Agents that make clinical decisions can never run without a human in the loop, full stop. The action space is open-ended, the stakes are someone’s health, and “verifiable” stops being something you can fully automate.
But agents that reconcile healthcare data can, I think, be fully agentic — especially when they are in a standardized, structured format like FHIR. This is a step beyond the orchestrator–workers example above, and the difference is autonomy. Workflows are bounded: fan out, pull, normalize, synthesize, done. A full agent is for when reconciliation is open-ended: it decides what to fetch next, resolves conflicts between sources as it finds them, and keeps looping against the data until it’s coherent, with no predetermined number of steps.
The key is that the output is still structured and checkable, which is why that autonomy is safe here: the more verifiable the task, the more autonomy an agent can hold.

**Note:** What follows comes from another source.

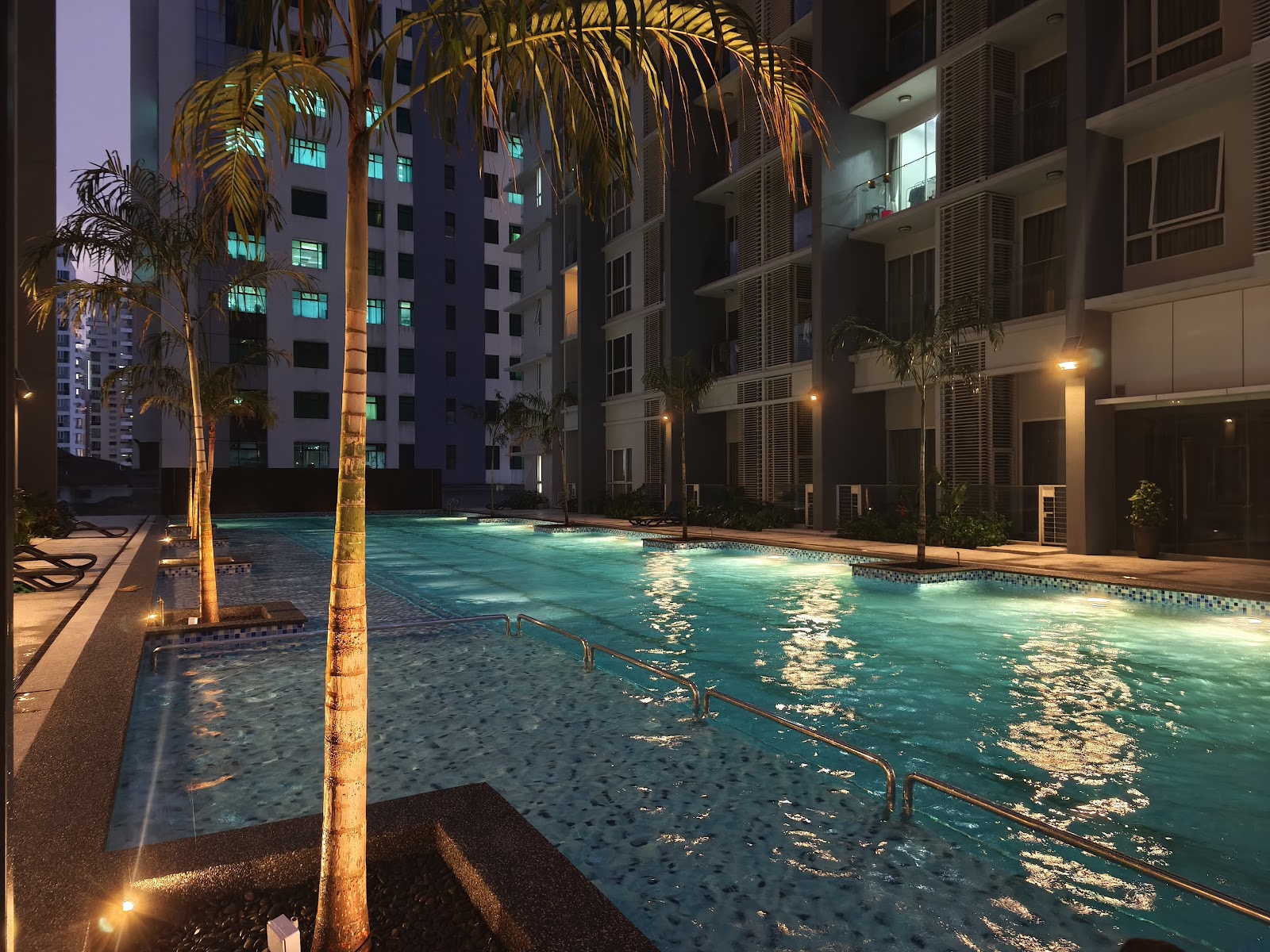 M-Suites @ Embassy Row: An outdoor swimming pool and leisure area at night, featuring palm trees, lounge chairs, and apartment towers in the background.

The real limitation is the test environment to run it in. Do we have rigorous enough sandboxes to fully stress healthcare-data fidelity, to experiment in a greenfield direction, before any of this touches real PHI? That’s easy to imagine and hard to earn. C’est la vie!
So where does that leave us? Less of a checklist of patterns to force healthcare into, and more of a gradient of autonomy you earn through verifiability. The parts of healthcare that are structured — FHIR, data reconciliation — are the parts you can verify, and the parts you can verify are the parts an agent can own. The clinical-judgment end stays human, not because agents can’t reach it, but because we can’t yet measure them well enough to trust them there.
And now we loop full circle back to the question I parked earlier: when is it good enough? Verifiability is what makes that question answerable at all: you can’t measure “good enough” in a domain you can’t check. Time to check out the world of evals!